This one is the project I'm working on right now:
npx cdk synth 4.30s user 0.48s system 7% cpu 1:00.98 total

And here's one of my sample projects: https://github.com/elthrasher/cdk-step-functions-example
npx cdk synth 5.09s user 0.94s system 3% cpu 2:39.58 total

A minute is a long time to wait - especially since I must synth to run unit tests. The numbers above are after running several times, so Docker layers should be cached as well as possible.

  1. I get the reasons for building with Docker, but building the functions one at a time as opposed to being able to have a single parcel/webpack/whatever build with multiple entrypoints isn't going to scale real well. My project has five functions, which is why it takes more than two minutes. I tried to figure out CDK_DOCKER, but it seems like I have to provide a docker-compatible API? It would be great if I could just bail out of the whole thing and agree to supply my own parcel (or webpack, which is more complex, but also more mature) build.
  2. I tried putting my stack into my build system, which is Docker-based and it's nearly impossible to get it to work. I must share my docker.sock (which is fine), but doing that means the volume share will go back to the HOST, not the container I'm trying to build in, so paths get crazy since this module attempts to take the path from the container, not host, but the volume will be shared to the host! (see also: https://serverfault.com/a/819371) For this reason, I basically flat out can't use this module without switching to another build system.
  3. Even though it looks like I need a non-Docker option, if I were to build in Docker, I'd really try to figure out a way to COPY the source into the initial build, then just share the output (perhaps via docker cp). That would give me the advantage of Docker caching on the build, which is a great thing to have. Very often my team has made a change to the stack that has nothing to do with the functions, yet we must always wait for the functions to build from scratch every time.

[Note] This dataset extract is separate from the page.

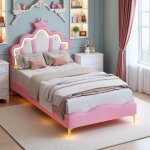 Lit enfant fille 90x200 cm lit simple rembourr� avec led lit princesse capitonn� t�te de lit r�glable ...
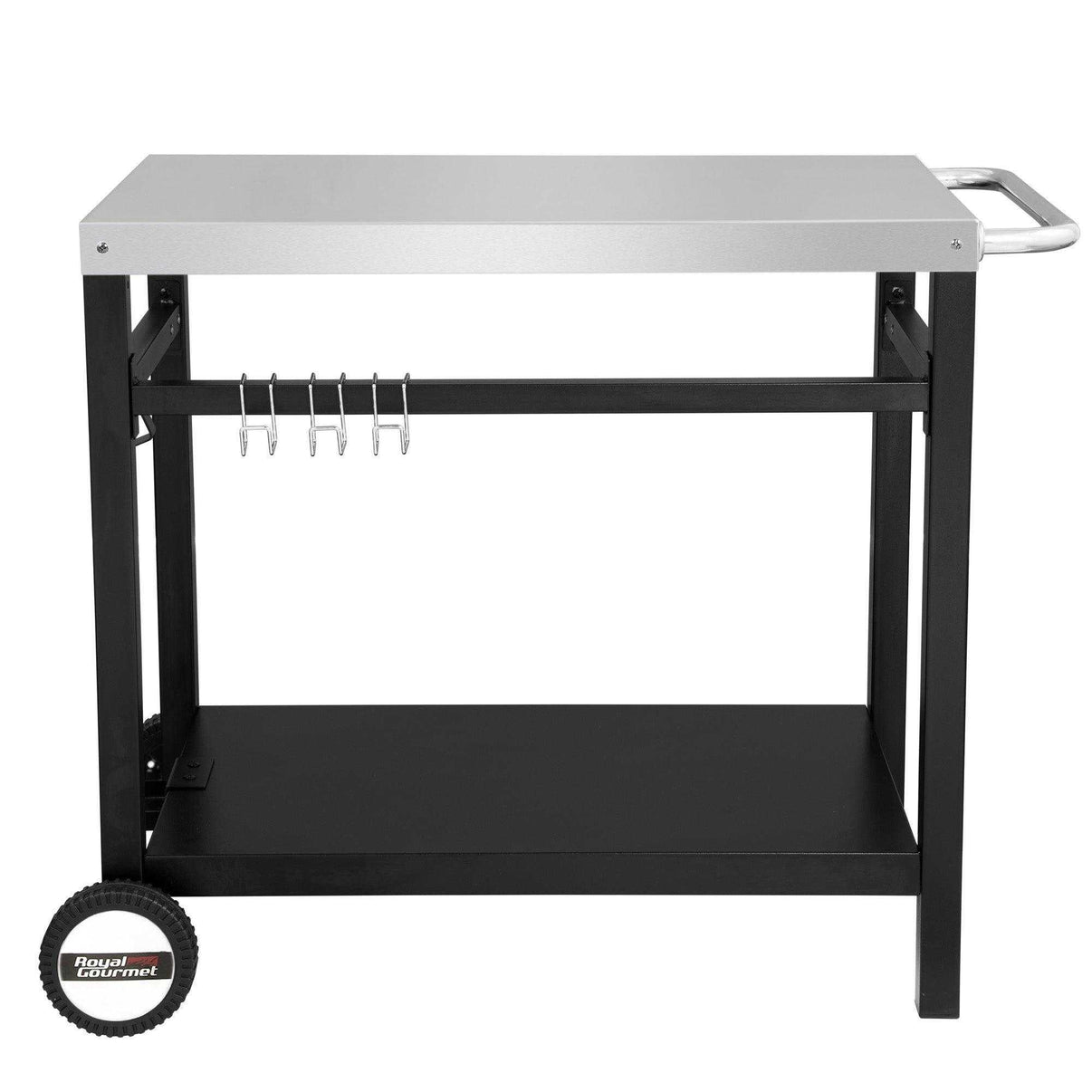 Double Shelf Stainless Steel Grill Cart with Wheels Royal Gourmet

I'm at the point where I either have to do a two-step build (build with webpack, then use lambda.Function) or come up with my own construct, but I thought I'd see where you guys were. I can contribute here or go my own way (or maybe there's some sorcery with CDK_DOCKER you can point me to).

Thanks for listening :)

eladb commented

@jogold feels like we may need to support bundling outside of docker in certain environments. Let's kick off a GitHub issue to discuss.

Perhaps the direction should be to check it the runtime environment has the required dependencies (e.g parcel in the right version) and only if it doesn't, fall back to docker. This way we can get the docker portability without compromising in environments that support local bundling. Curious how much of this we can/should do in the bundling layer itself and how much is lambda specific.

vvo commented

@elthrasher, side note, if you want to try a non-docker lambda builder, have a look at the one I created after having performance issues with the default one, see here: https://github.com/vvo/aws-lambda-nodejs-rollup

@vvo Thanks, I saw that, but I'm using TypeScript. Would be glad to give it a try and give you feedback after you introduce support for TypeScript.

vvo commented

@elthrasher Just moved from rollup to webpack (rollup could not handle well some npm modules bundling) and added TypeScript + Babel preset-env support. Give it a try and let me know if this works for you: https://github.com/vvo/aws-lambda-nodejs-webpack

Small status update here: we are going to offer a way out of Docker. I expect this to be available before the end of August.